Handling Epigraphic Materials and Manuscripts: Character Encoding or Text Encoding?
Deborah Anderson - Department of Linguistics, UC Berkeley
Intended Audience: |
Software Engineer |
Session Level: |
Intermediate, Advanced |
Ancient texts may be found on a number of media (papyri, inscribed on
rock, on cuneiform tablets, etc.). In order to capture the information for
online scholarly texts, one can include a photo in, for example, JPEG
image format to show the full document. In the absence of (or in addition
to) a photo, scholarly editions often include a version of the
texts with the characters written out. The symbols are then transcribed or
transliterated into Latin letters, sometimes with diacritics. To manipulate the
symbols more fully for data processing, character encoding with Unicode
and markup (i.e., according to Text Encoding Initiative) can be
used. Markup is used for rulings between lines of text and can be used for
editorial commentary on the texts. A proposal for epigraphic materials
called "Epidoc" has been put forward.
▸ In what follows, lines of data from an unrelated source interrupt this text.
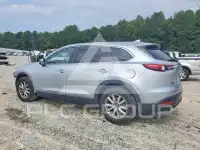 2016 Mazda CX-9 фото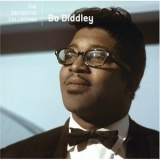 Bo Diddley - The Definitive Collection '2007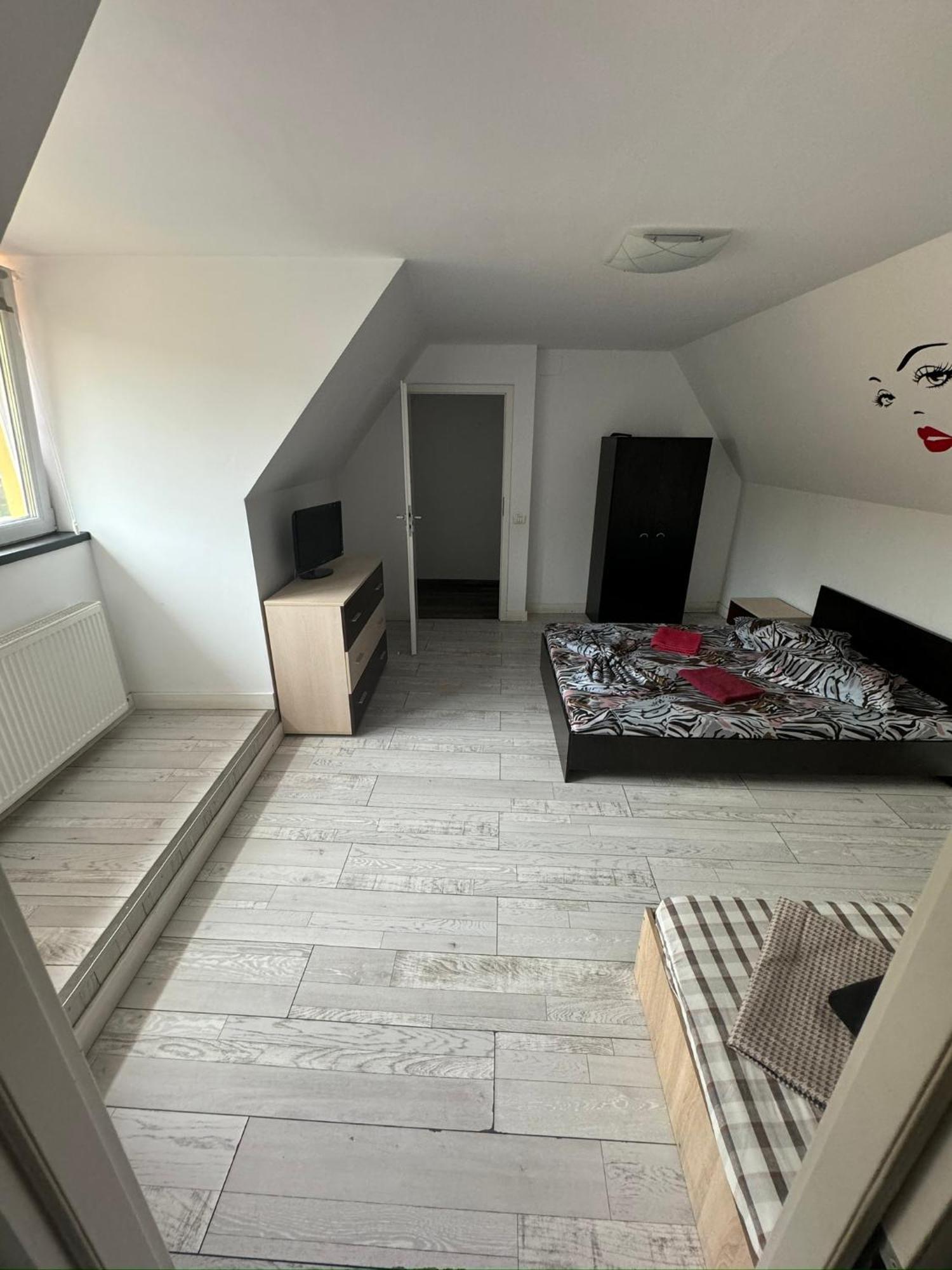 Apartamente De Inchiriat Lucky House Braşov Eksteriør billede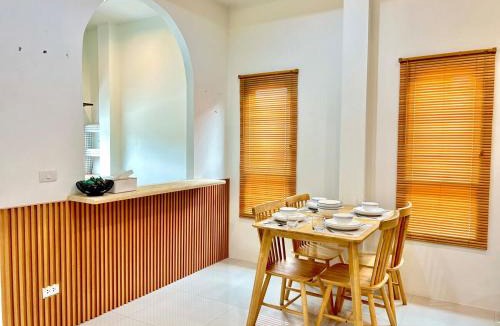 Ban Chang House | Home 2 bedroom Rayong long stay Phala Beach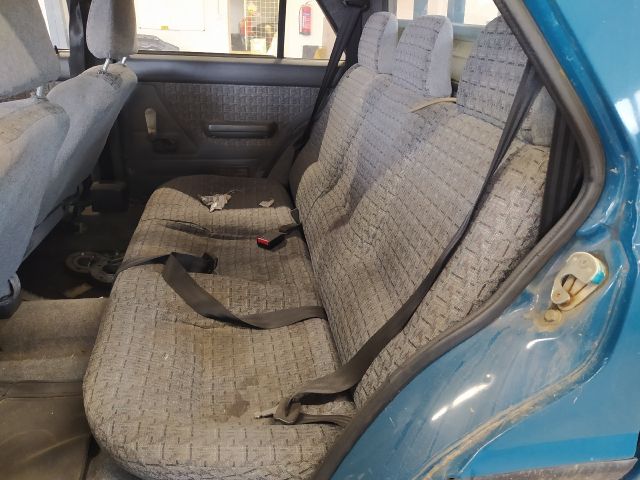 bontott DAEWOO FSO Kézifék Kar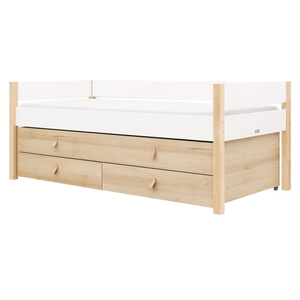 Meubles compacts en bois multi-usages pour chambre d'enfants Mettez à jour le catalogue de produits de votre entreprise avec lit de rangement Vietnam - Product Image 4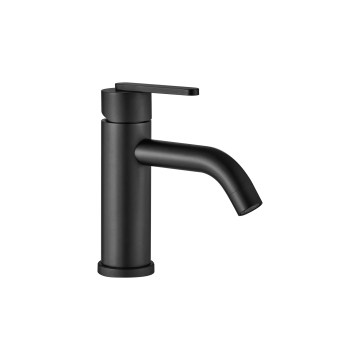 REA-B5504 - Grifo de lavabo ONTARIO 17,5 cm negro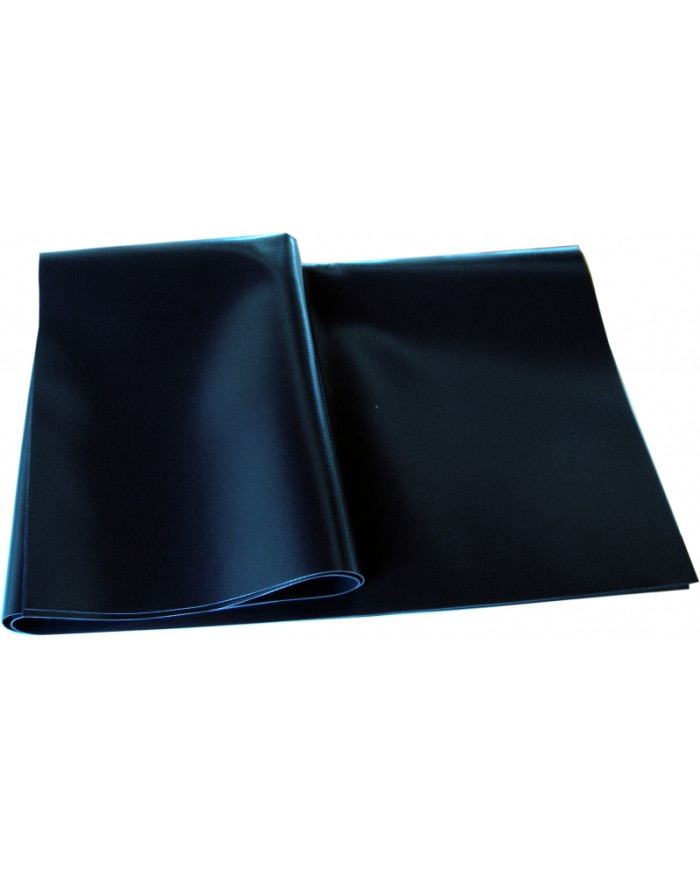LASTRA COPRITOMBINI IN NBR 1000X1000X1 MM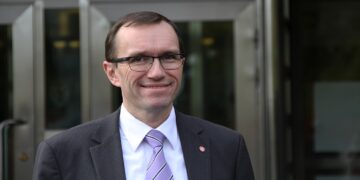 Eide, Atina ve Ankara’da Görüşmelerde Bulunacak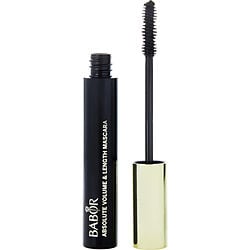 Babor by Babor-Absolute Volume & Length Mascara - Black --10ml/0.3oz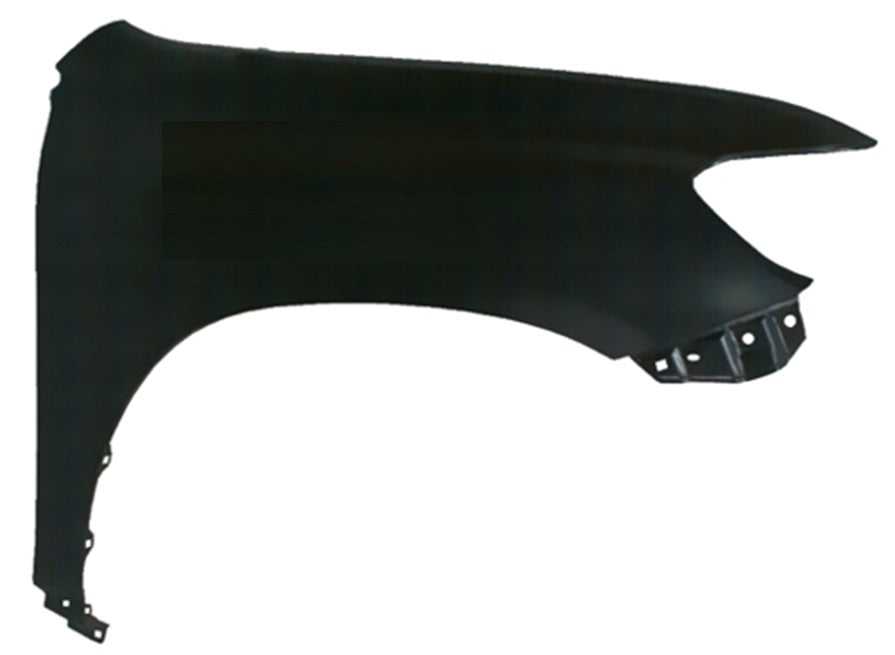Fender Front Passenger Side Capa For Toyota - TO1241219C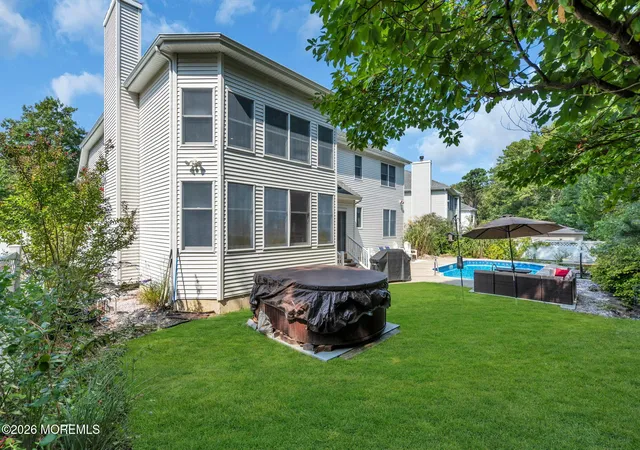 Photo 40 of Sale Pending at 12 Vicari Way, Tuckerton, NJ 08087 | MLS# 22629727 | Listing updated on 2026-10-09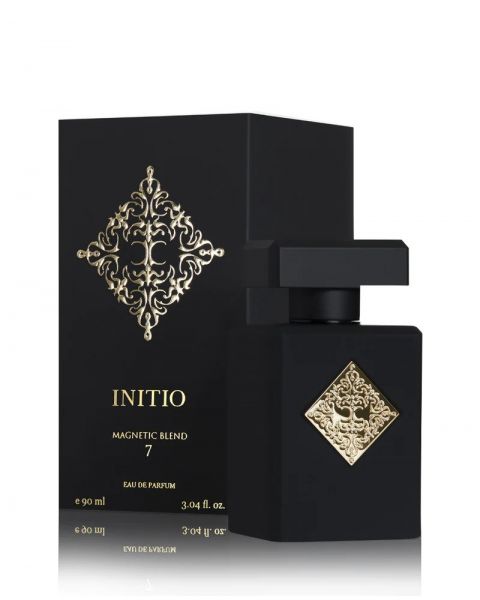 Initio Magnetic Blend 7 Eau de Parfum 90 ml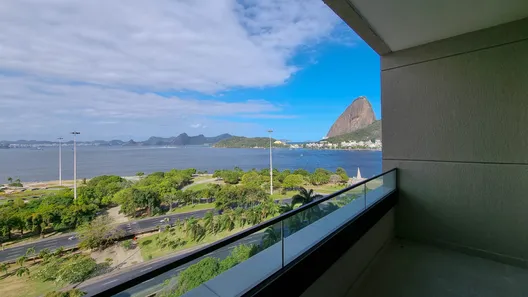 Rio By Yoo no Flamengo, Rio de Janeiro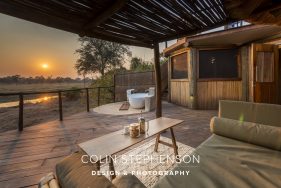 Lodge Photographer Africa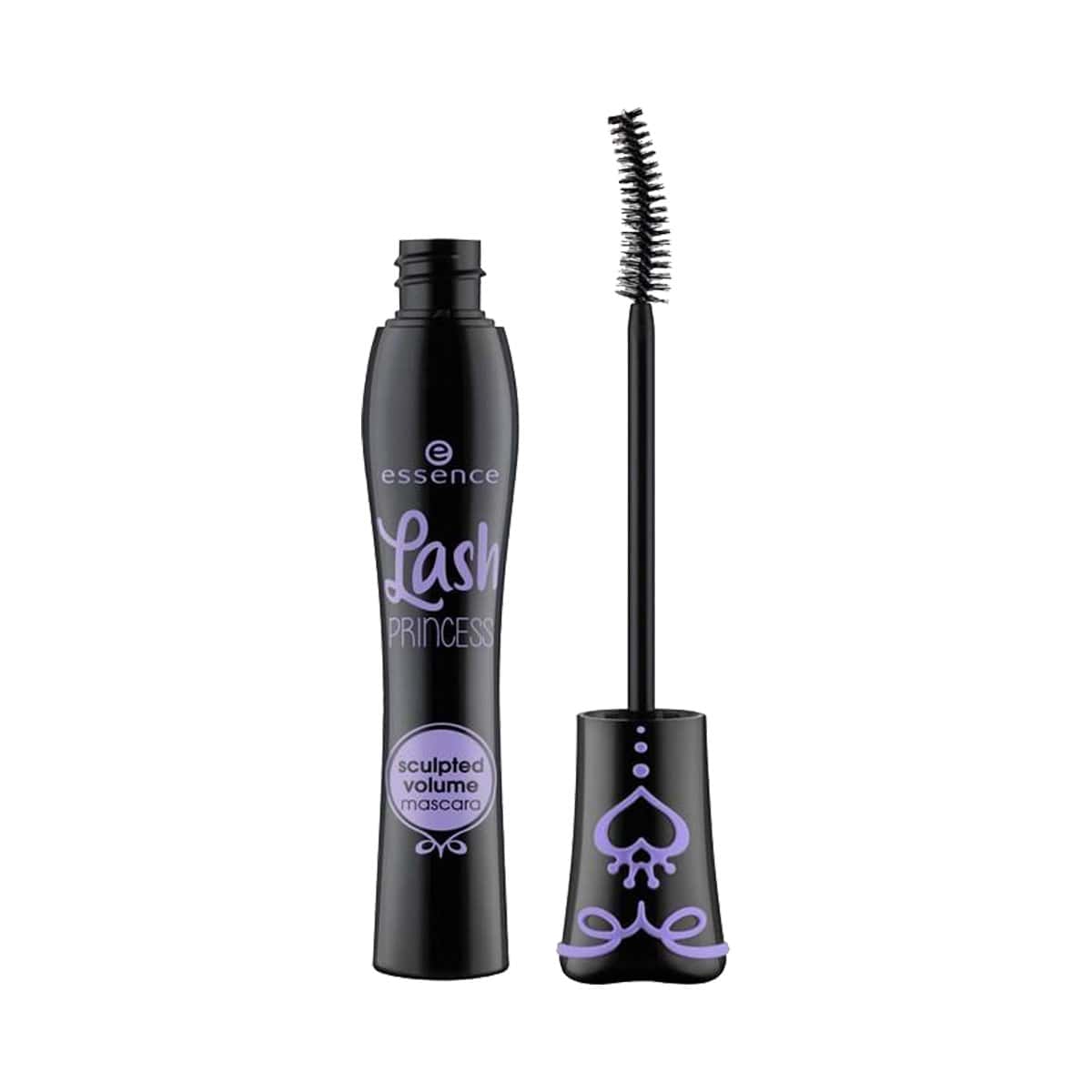 ریمل اسنسن پرنسس حجم دهنده و بلند کننده Essence
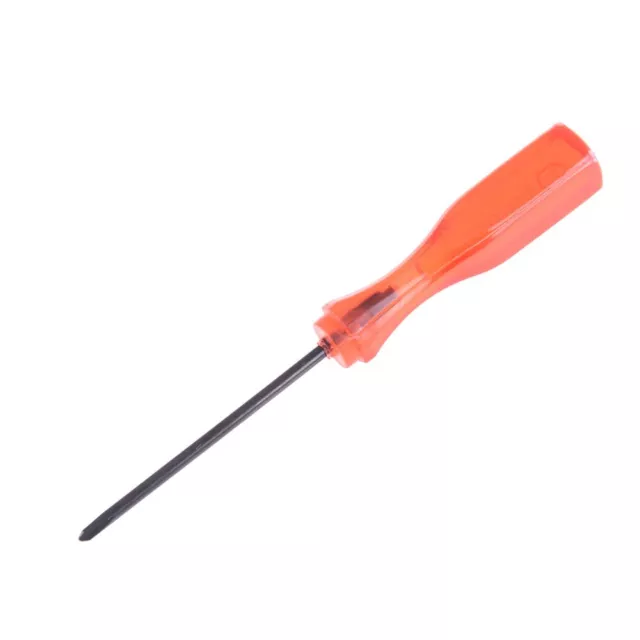 3 PC Tri-wing Triangle Screwdriver For DSL DS DSi PSP1000 Wii GBA SP Repair Tool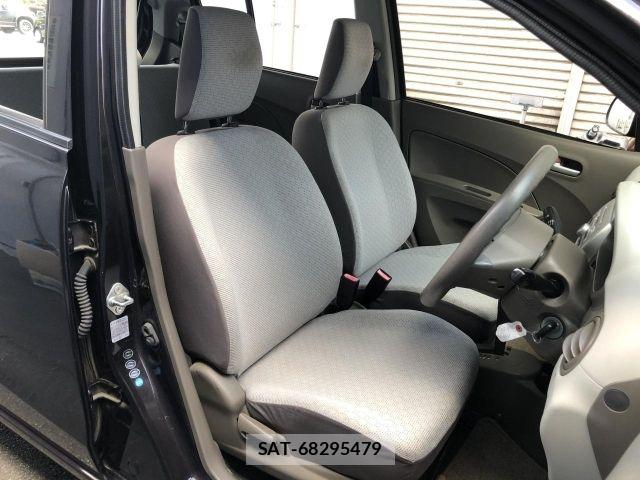 Suzuki ALTO 2013-08 8334739-9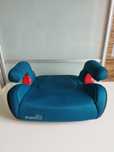Siedzisko samochodowe Fotelik podkładka ISOFIX 15-36kg Caretero PUMA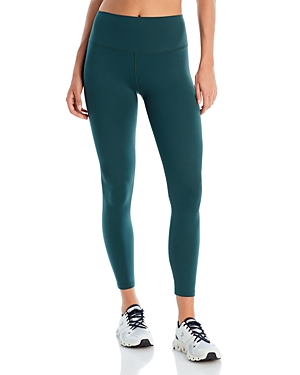 SPLITS59 SPRINT RIGOR HIGH WAIST ANKLE LEGGINGS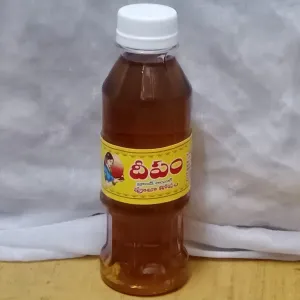 DEEPAM Pooja Oil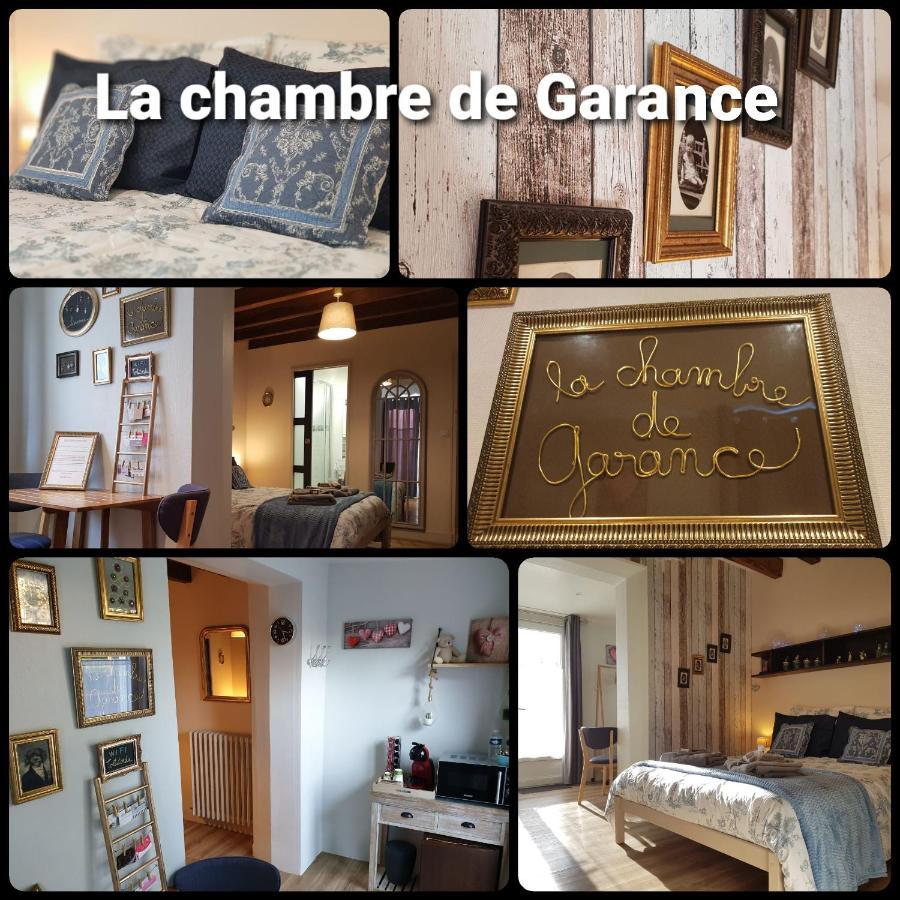 Le Grand Cedre Spa Et Sauna Interieur Piscine Marolles  외부 사진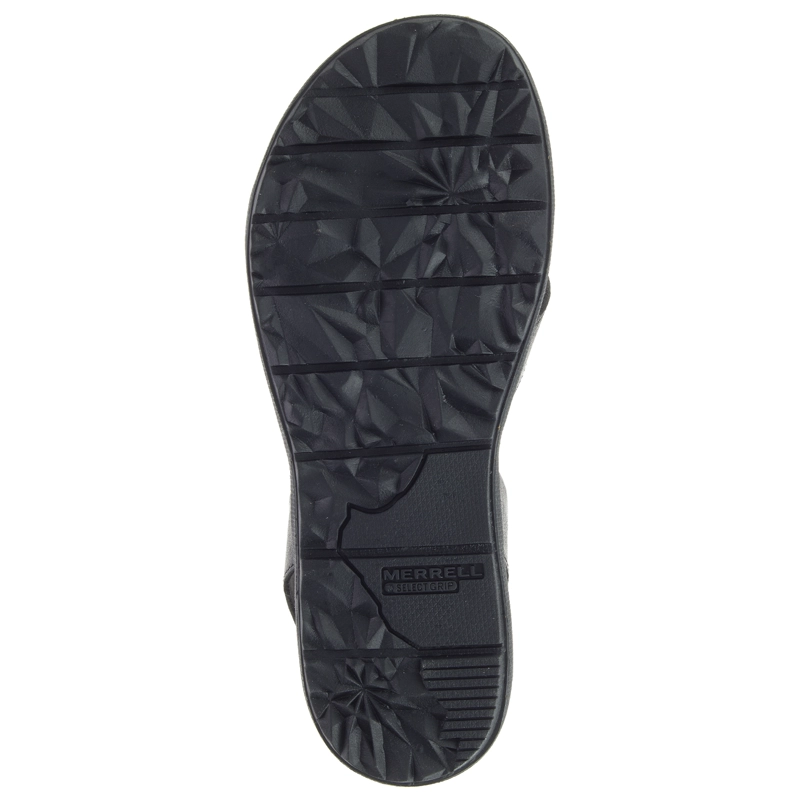 SANDALIA MUJER NAPA VALLEY SLING MORADO - 8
Epidoc captures nearly all the
editorial content in markup, including brackets and parentheses. Is such a
technique the best (and/or the only) choice for the scholarly community to
embrace? This presentation will give examples of epigraphic and
papyrological materials currently employed in print editions and will
discuss possible approaches for handling these types of materials on the
Web. A plain text version with Unicode is recommended beside a full
text-encoding scheme, as this would make the text more immediately
available to a wider audience.
|